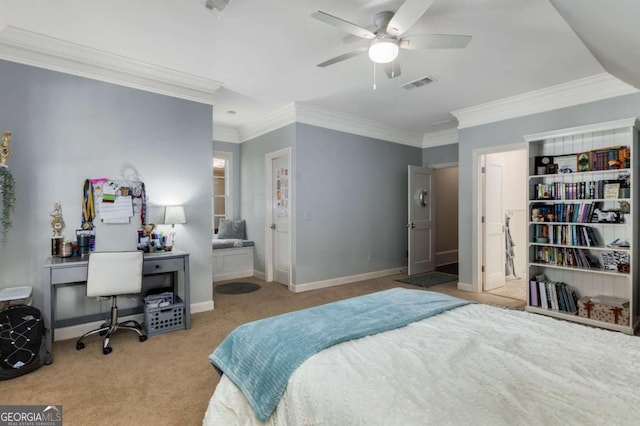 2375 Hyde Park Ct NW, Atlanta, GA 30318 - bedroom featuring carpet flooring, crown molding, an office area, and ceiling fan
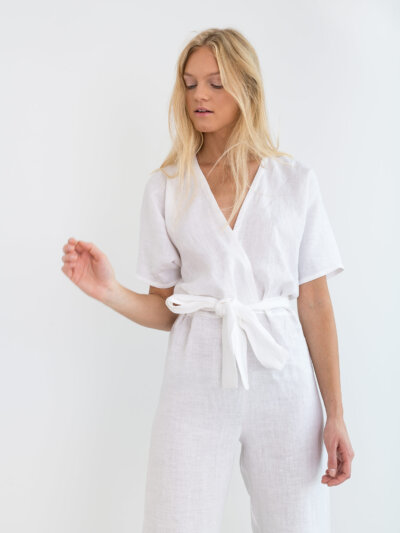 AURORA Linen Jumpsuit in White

──────────────────────────────

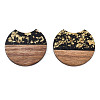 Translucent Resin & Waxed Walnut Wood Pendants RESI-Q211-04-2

──────────────────────────────

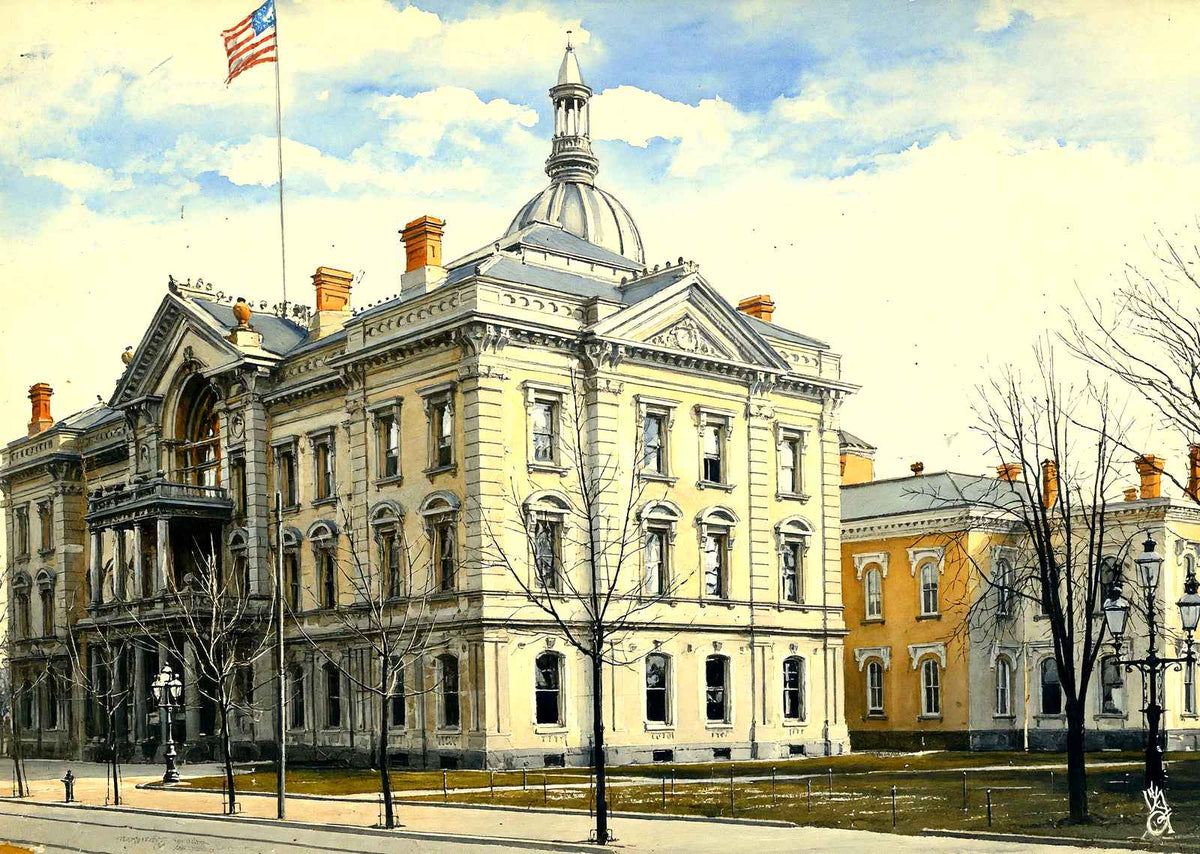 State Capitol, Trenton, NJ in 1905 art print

──────────────────────────────

DIRECTIONS FOR THIS TASK -
Copy only this from above: the line containing "2375 Hyde Park", the line containing "AURORA Linen Jumpsuit in White", and all lines between, printed exactly. Leave out the pictures.

SOLUTION FOR THIS TASK -
 2375 Hyde Park Ct NW, Atlanta, GA 30318 - bedroom featuring carpet flooring, crown molding, an office area, and ceiling fan
 AURORA Linen Jumpsuit in White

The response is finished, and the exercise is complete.